"I should have shot the bastard when I had the chance." John's voice was harsh and tight with pain, words spoken through gritted teeth.
In truth, Rodney agreed, but though he wasn't exactly known for his tact, he didn't want John to suffer any more than he already was. He said, "You were being all heroic and gentlemanly and merciful and ridiculous things like that."
"Some good it did me," John gasped, his grip tightening on Rodney's pant leg.
Rodney tried not to think about ‘what if?’ He knew it was unproductive and had stopped doing it in grade school with 'what if I were stupider?' 'More popular?' 'Happier?' It didn't do anything but cause misery.
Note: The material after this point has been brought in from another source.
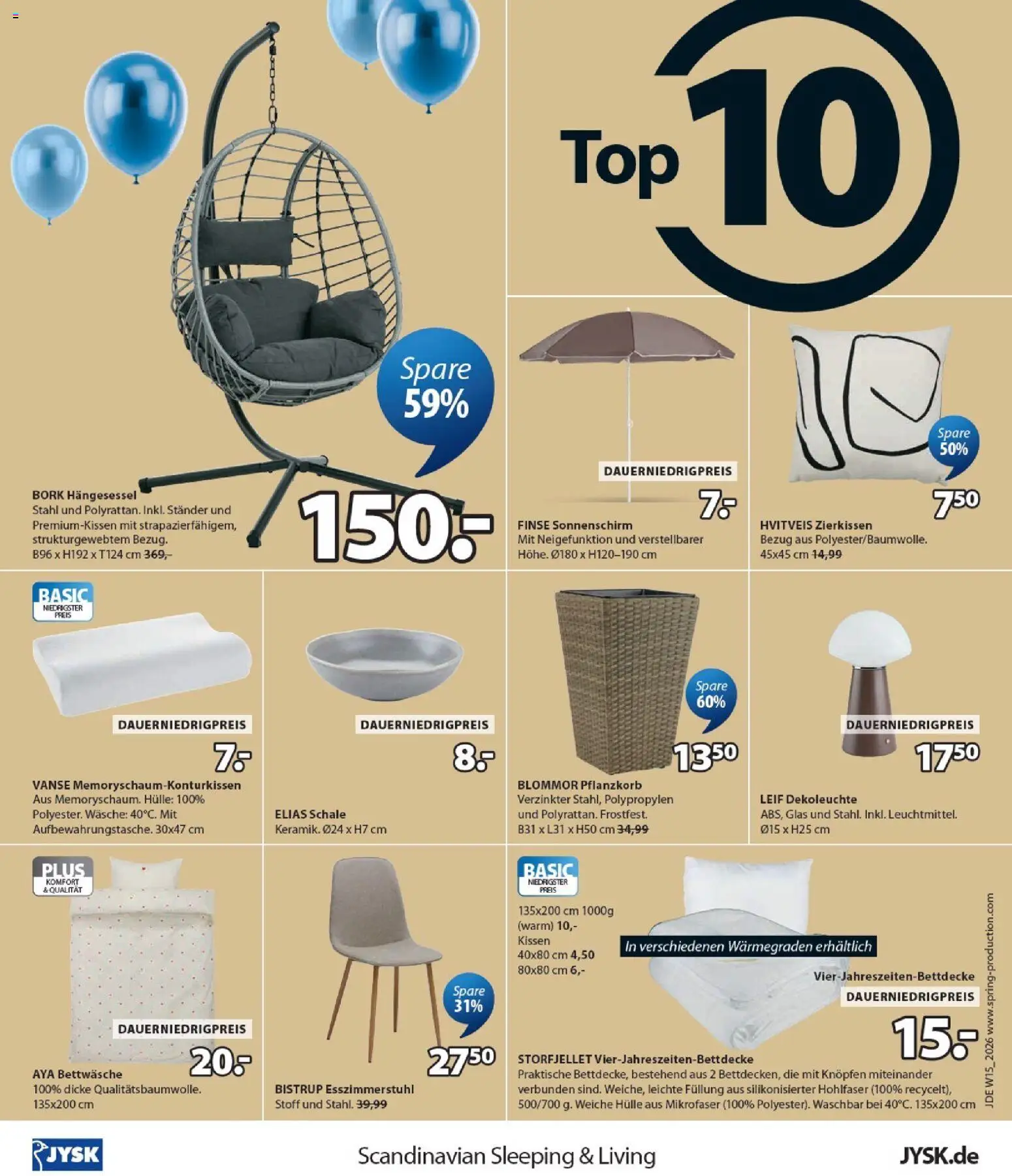 JYSK Prospekt 	 – gültig ab 21.03.2026 | Seite: 12 | Produkte: Hülle, Kissen, Bettwäsche, Sonnenschirm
So he wasn't going to think ‘what if John had killed Kolya?’ He wasn't going to think about how they'd be back happily trading with the Rejekans, smiling and flirting and maybe playing footsie under the table. He wasn't going to think about how they wouldn't be stuck here in some dank, dark cell on an unknown alien world with one sick sadistic bastard taunting them and John bleeding all over himself and the floor and the pathetic bandage Rodney had tried to fashion out of his shirt. He wasn't going to think about what would've happened to Elizabeth and Teyla, because they weren't here and that could be very very bad, and how his legs wouldn't be asleep from keeping John's head cradled in his lap. And he certainly wasn't going to think that if John had shot Kolya then maybe he might not be about to die. Because John wasn't going to die.
No, Rodney decided, John was never ever going to die, because that would have to go against some sort of cosmic law that the hero with the charming smile and the dashing good looks always survives and gets the girl (or the guy in this case) and lives happily ever after. It would probably unravel the space-time continuum or something. In the very least it would unravel Rodney's whole world. And that was just plain unacceptable.
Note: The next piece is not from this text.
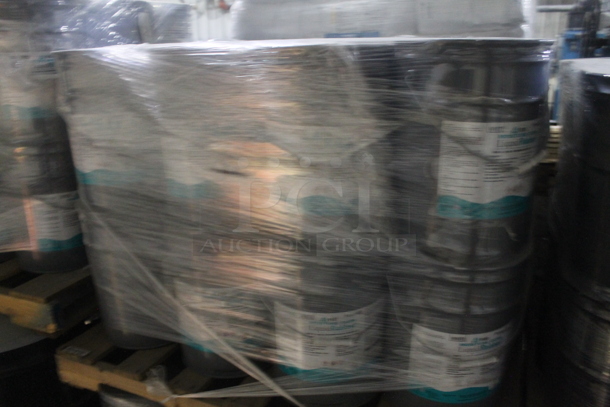 ALL ONE MONEY! PALLET LOT OF 24 Gray Barrels of Moisture Cure Liquid Rubber. BUYER MUST REMOVE. - Image 3 of 5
John coughed, curling tighter into himself. Rodney stroked his fingers through John's hair. It was just as deceptively soft and surprisingly hair gel-free as it had been the first time Rodney had tangled his fingers in it for that first tentative but glorious kiss.
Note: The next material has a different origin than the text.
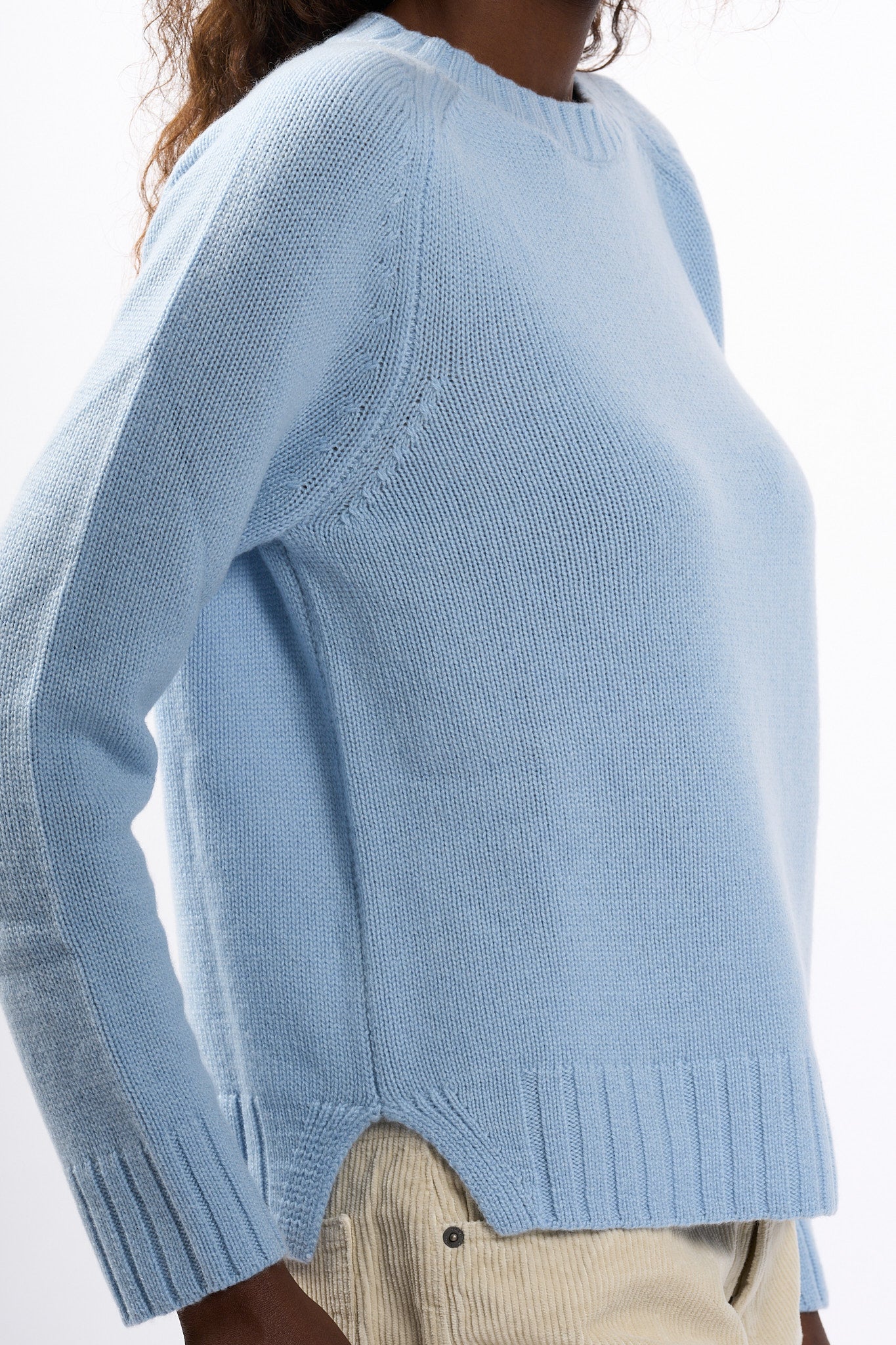 Purotatto Maglia in Cashmere Azzurro Cielo Donna-4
He couldn't take the silence. He'd just finally found comfortable silences with John, after at least six months together. Usually it took less time for him to run out of things to say or to get over his nervous tendency to babble. But this time it'd been because talking with John was fun. He couldn't get enough of it. People said that Rodney liked to hear the sound of his own voice. He supposed that was true, but he liked the sound of John's more.
He wanted to hear it now, even tight and laced with pain, because for all he knew, this would be his last chance. "I think he's operating alone," he remarked lamely.
"Duh," John said. It wasn't the insulting trivialization it would have been from Rodney, but simple word economy. It obviously took John a lot of effort to speak. That made Rodney feel momentarily guilty, but not guilty enough to stop.
"What do you think he wants? What did he ask you?"
"Didn't ask me anything," John panted.
That gave Rodney pause. John was the military leader of the so-called enemy. Of course there were things that Kolya wanted from him. In the very least, it would be smart of him to try to get a shield code or something.
"Punishment."
Teyla felt something off the second she stepped through the Gate, reaching out blindly for Dr. Weir and pulling her down into a protective crouch.
She felt heat, felt something more solid than rain tumble down onto her back, tasted the thick stench of ash, choking like the first heady perfumes of the Rite of Ashala the first time she performed it.
Teyla coughed, hearing the sound, faint in the distance as her senses returned. When she opened her eyes, she thought that something must be wrong. The world was tinted red like blood, even the shifting scenery of debris and explosion painted a brilliant crimson, but the sky too was bloody, clouds like gaping wounds, scratches against the brilliance of a too-red sunset.
Dr. Weir was still crouched down beneath her, shallow panicked breaths vibrating against Teyla's palm. More explosions sounded in the distance along with shouts and Teyla had never seen anything like this before.
She had fought. She had hunted. She had stared down a Wraith with adrenaline pumping fast and furious in her veins like the thick acid of the traditional shelbala tea. She had seen death and disease and whole civilizations in ruin. But she had never seen the likes of this - trenches and mangled metal, mud and wire and the scorched sky filled with smoke, shouts and screams and, in the distance, man killing man.